Modularity of higher genus curves The modularity conjecture for elliptic curves over number fields is well known, and  indeed, is a theorem for all elliptic curves over $\mathbb{Q}$, and at least potentially, over any CM field.
What is the precise statement of the conjecture for higher genus curves? What are the modular/automorphic forms we expect to correspond to Galois representations realized in the $l$-adic cohomology of a smooth projective algebraic curve of genus $g$ > 1 over a number field $F$ via equality of $L$ functions? What is the state of progress towards the conjecture? References would be very welcome.
 A: Following the suggestion of Faris I looked at Abelian Surfaces over Totally Real Fields are Potentially Modular by Boxer, Calegari, Gee & Pilloni, whose section 1.4.1 discusses the modularity conjecure for higher genus curves and points to On the Langlands Correspondence for Symplectic Motives by Benedict Gross.

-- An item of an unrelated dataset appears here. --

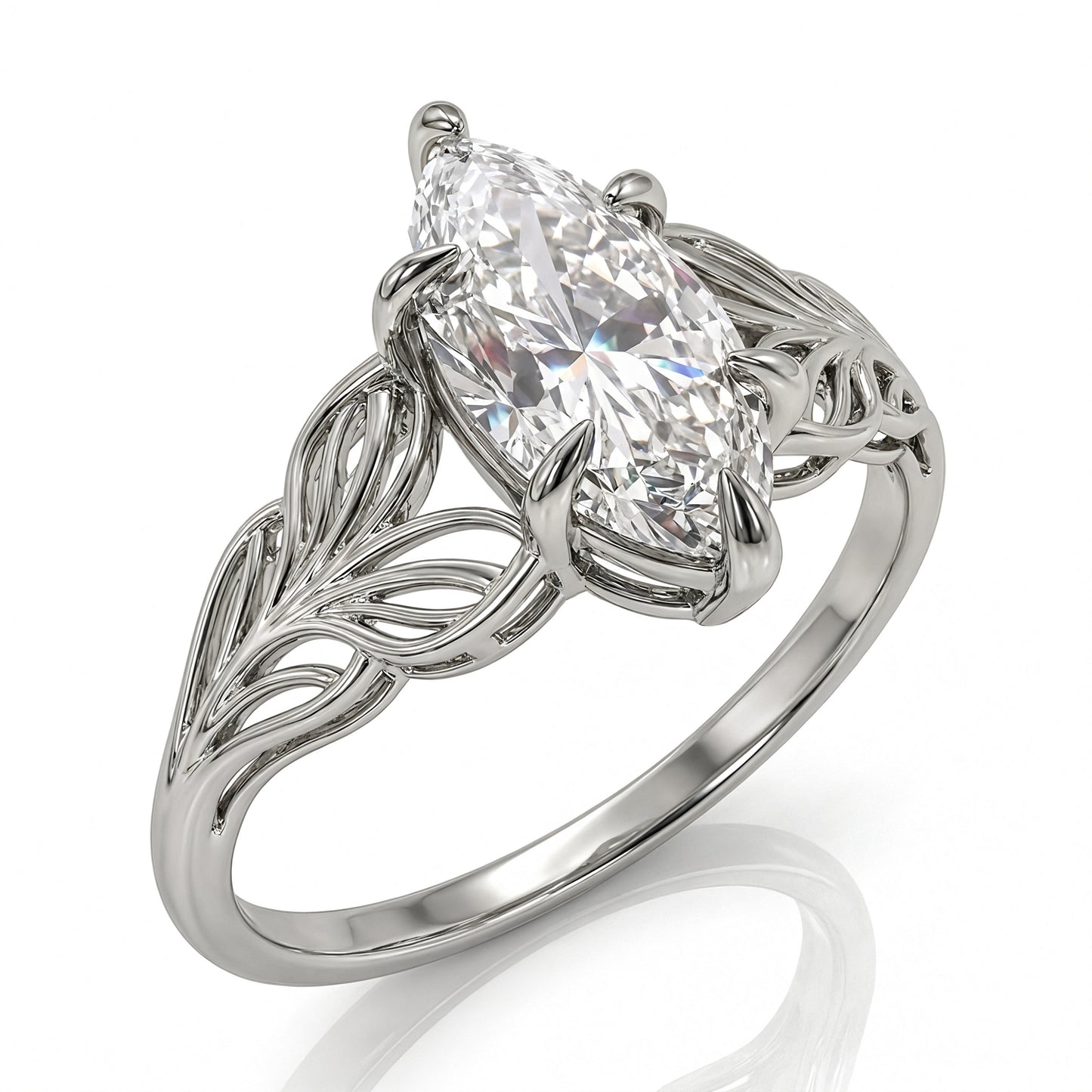 Airrealé Celestial Wing Marquise Engagement Ring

Gross constructs a new form in the generic cuspidal automorphic representations of split orthogonal groups $SO_{2g+1}$ which are conjecturally attached by global Langlands correspondence to discrete symplectic motives over $\mathbb{Q}$ of rank $2g$. Some of these motives are $H^1(.)(1) = H_1(.)$ of genus $g$ curves over $\mathbb{Q}$, and more generally of polarized abelian varieties of rank $g$ over $\mathbb{Q}$ whose endomorphism rings are an order in a product of totally real fields. The $l$-adic realizations of these motives are Galois representations $G_\mathbb{Q} \rightarrow GSp_{2g}(\mathbb{Q}_l)$. The Langlands dual of $GSp_{2g}$ is $GSpin_{2g+1}$, interpreted here as a split orthogonal group.

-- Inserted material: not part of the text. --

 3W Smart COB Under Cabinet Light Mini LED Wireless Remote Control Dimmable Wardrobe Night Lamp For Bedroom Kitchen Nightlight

The (conjecturally automorphic) representation attached to such a motive is put together from explicit local representations at all places of $SO_{2n+1}$. The explicit new form is built as restricted tensor product of local forms.
Results in the converse direction - attaching a symplectic motive to an automorphic representation of $SO_{2n+1}$ - appear in Potential Automorphy and Change of Weight by Barnet-Lamb, Gee, Geraghty, and Taylor.
Please feel free to strengthen this answer with more details and generalizations to other number fields.